Iswaran fails on third attempt to present all witness statements

While the Chief Justice said he understood this, he added: “My problem is that the wording of the Act (in section 214(1)(d)) is not a moving target. The wording of the Act was chosen by Parliament and it limits what the court can order.”

He continued: “To be honest, Mr Singh, if I may come straight to the point, I do not see how we can sustain the allegations you have made about the interpretation of section 214(1)(d) in the text of section 214.”

He added that he was finding it difficult to find a legal basis that would accommodate the much broader scope of disclosure that you had in mind.

Disclosure requires parties to disclose information and documents to the opposing party in the context of a case and court hearing.

Mr Singh then showed the court a section which was repealed along with the pre-trial hearings and replaced by the current disclosure regime in criminal cases, which requires that evidence and information be disclosed to the defence before a trial.

He said that compared to the previous preliminary investigation provisions, his client now effectively had fewer rights because he had less access to the prosecution's evidence under disclosure requirements in criminal cases.

Judge Chong told Mr Singh that his argument was “not realistic” because if the prosecution had the option to exclude certain statements, it would be “shooting its own foot”.

Chief Justice Menon said Singh was asking the court to “effectively work out a disclosure system” that would be consistent with the procedure followed in the past during preliminary investigations, “and that is a danger if Parliament has not addressed it”.

Instead, Section 214 of the US Act set out what Parliament intended with the new criminal disclosure regime. It sets out what the prosecution must include in its indictment to present to the defence – including what the prosecution intends to admit at trial.

In denying the motion, the three-judge court noted that during the hearing the defense had attempted to “reframe” one of the legal questions it had raised.

Four conditions must be met before a legal question can be referred to the Court of Appeal.

The judges focused on only one of the conditions – that the question must be a question of law of public interest.

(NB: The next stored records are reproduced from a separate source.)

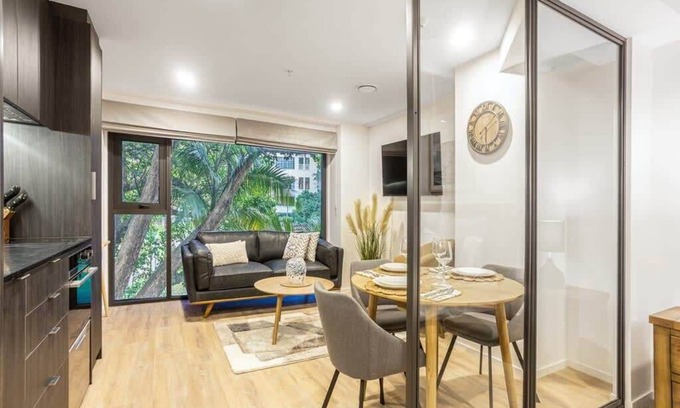 Newton Condo | Condo in Queen St CBD w Pool and Gym Zodiak Stays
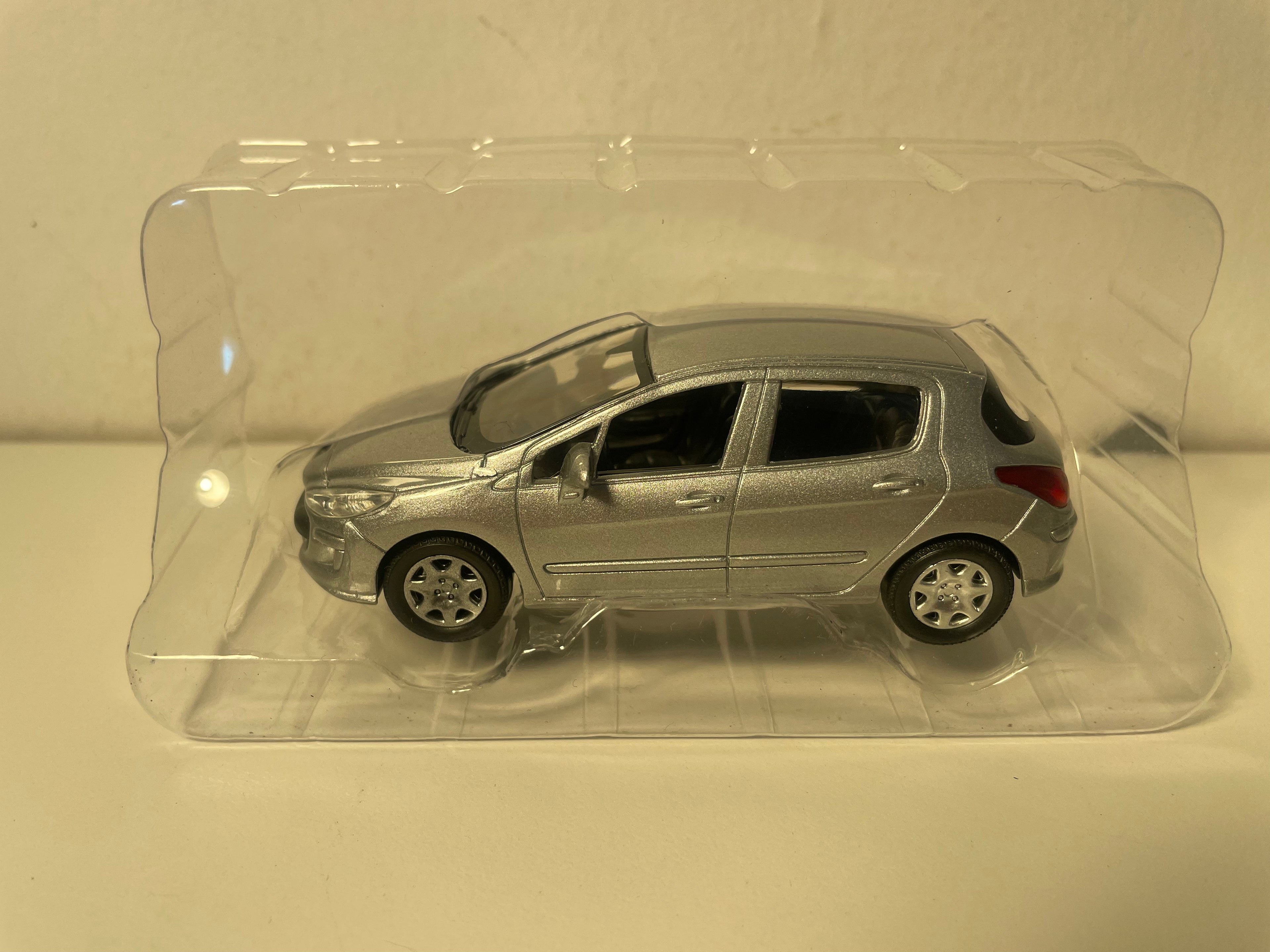 Peugeot 308 giel - NOREV
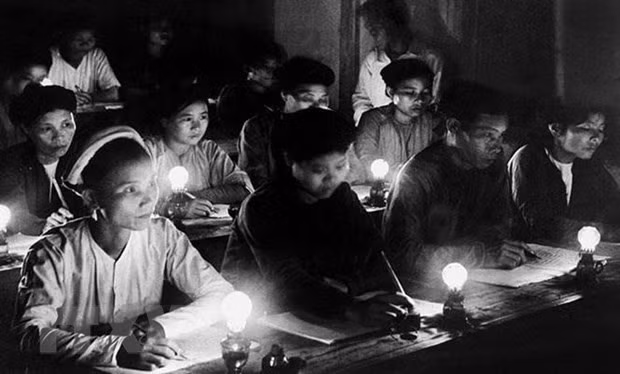 93 nam thanh lap Dang: Moi quan he gan bo “mau thit” giua Dang va dan hinh anh 2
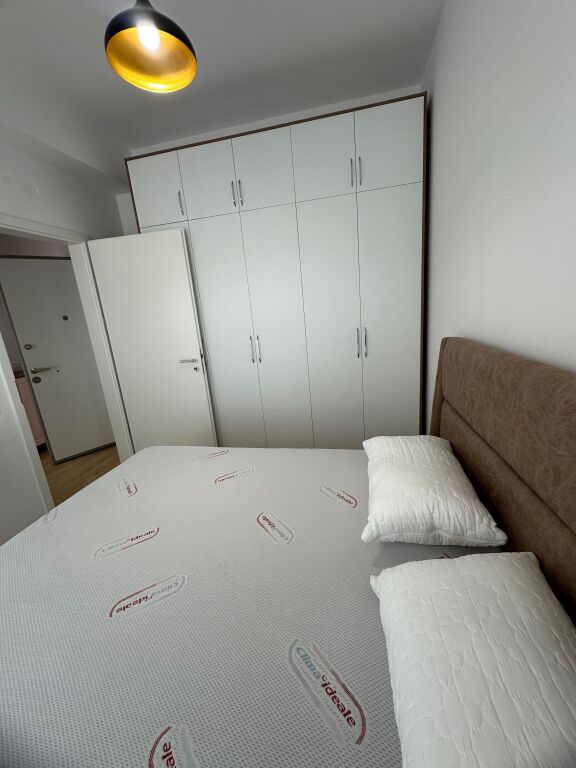Appartamento in affitto 1+1 Residenza Kadiu Ali Demi 45.000 lek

They said it was clear to them that the first question was not a question of law of public interest and that the law could not be read in the way the defense proposed to interpret it.

The judges also said that the second question, which Mr Singh attempted to “rephrase” during the court proceedings, did not raise a legal question of public interest.

The court found that the two systems Singh attempted to compare to support his argument were not comparable and that the current system of disclosure of information in criminal cases was entirely different.

The application was rejected without the court asking the public prosecutor to comment.

Iswaran resigned from his government posts two days before he was first charged in January. He had previously been placed on leave pending the conclusion of the Corrupt Practices Investigation Bureau (CPIB) investigation.

If convicted of obtaining a valuable item as a public servant, Iswaran could face a prison sentence of up to two years, a fine, or both.

If convicted of corrupt practices under the Prevention of Corruption Act, he could face a prison sentence of up to seven years, a fine of up to S$100,000, or both.

If convicted of obstruction of justice, he could face a prison sentence of up to seven years, a fine, or both.